# Pics of my Maxima with new 18's



## Pbeige91 (Apr 8, 2004)

Took some pics


----------



## Tha Sheep (Mar 30, 2005)

red X's galore is all I see.


----------



## StevenLK (Jul 15, 2002)

i see the car. and its pretty kleann . great job


----------



## himbo (Sep 20, 2003)

nice... where in jersey are you from, i'm from wayne near Willy P University


----------



## Pbeige91 (Apr 8, 2004)

I'm in marlton in south jersey.


----------



## wickedsr20 (Aug 8, 2002)

Very nice and clean ride. Looks smooth with those wheels, the drop, and the kit. Keep up the good work.


----------



## Nuskool (Jan 5, 2004)

Looks good not many of these around


----------



## Slayer2003 (Jun 4, 2003)

wickedsr20 said:


> Very nice and clean ride. Looks smooth with those wheels, the drop, and the kit. Keep up the good work.


Couldn't describe it better.

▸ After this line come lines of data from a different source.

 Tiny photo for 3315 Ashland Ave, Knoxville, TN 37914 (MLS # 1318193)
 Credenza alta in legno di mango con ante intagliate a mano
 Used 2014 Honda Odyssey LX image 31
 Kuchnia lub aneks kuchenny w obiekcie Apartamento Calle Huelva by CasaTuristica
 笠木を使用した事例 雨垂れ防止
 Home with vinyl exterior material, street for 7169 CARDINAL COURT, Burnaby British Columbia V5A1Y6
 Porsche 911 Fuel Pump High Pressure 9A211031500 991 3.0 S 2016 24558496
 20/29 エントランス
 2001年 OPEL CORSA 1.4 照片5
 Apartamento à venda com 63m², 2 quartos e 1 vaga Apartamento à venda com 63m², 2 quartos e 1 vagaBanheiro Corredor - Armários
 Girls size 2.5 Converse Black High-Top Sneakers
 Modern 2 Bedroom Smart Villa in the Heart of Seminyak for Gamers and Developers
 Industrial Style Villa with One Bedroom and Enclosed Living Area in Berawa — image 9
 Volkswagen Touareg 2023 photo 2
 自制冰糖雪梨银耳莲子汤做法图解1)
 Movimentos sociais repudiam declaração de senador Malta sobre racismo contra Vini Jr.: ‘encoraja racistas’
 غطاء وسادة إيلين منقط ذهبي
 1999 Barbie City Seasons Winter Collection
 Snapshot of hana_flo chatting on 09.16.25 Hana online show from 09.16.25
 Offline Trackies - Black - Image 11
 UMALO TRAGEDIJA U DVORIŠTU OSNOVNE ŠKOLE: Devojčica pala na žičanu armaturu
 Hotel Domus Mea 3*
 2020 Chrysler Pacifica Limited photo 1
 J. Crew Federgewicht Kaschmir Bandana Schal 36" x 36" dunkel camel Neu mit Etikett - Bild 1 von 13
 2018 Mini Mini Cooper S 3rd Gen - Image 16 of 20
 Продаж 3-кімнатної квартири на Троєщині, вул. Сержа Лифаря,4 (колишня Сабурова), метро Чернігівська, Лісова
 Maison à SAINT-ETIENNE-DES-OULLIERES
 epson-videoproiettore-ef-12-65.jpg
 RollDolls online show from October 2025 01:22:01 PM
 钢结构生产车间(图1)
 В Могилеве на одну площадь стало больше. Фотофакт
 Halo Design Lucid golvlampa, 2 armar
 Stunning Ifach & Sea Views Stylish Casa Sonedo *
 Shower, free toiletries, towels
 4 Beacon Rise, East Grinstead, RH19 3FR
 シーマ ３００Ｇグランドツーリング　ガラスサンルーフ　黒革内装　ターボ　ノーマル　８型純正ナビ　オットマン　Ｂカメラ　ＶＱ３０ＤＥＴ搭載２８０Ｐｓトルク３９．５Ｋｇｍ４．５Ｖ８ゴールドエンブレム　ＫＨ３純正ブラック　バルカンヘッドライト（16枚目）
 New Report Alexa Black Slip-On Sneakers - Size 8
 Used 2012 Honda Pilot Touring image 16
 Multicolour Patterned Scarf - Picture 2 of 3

Nice ride! :thumbup:


----------



## Tha Sheep (Mar 30, 2005)

maybe its just because I am on a goverment computer.


----------



## b14sleeper (Dec 31, 2004)

i have a fetish for beige/brown/tan cars that look as awesome as yours do. 
:hal: <peace out HAL!!


----------



## ASsman (Mar 23, 2005)

Best looking 18"s on a maxima thus far, IMO.


----------



## Radioaktiv (Feb 12, 2004)

looks really nice


----------



## Twiz (Aug 24, 2004)

Looks awesome for a '91... these wheels make it look expensive now.


----------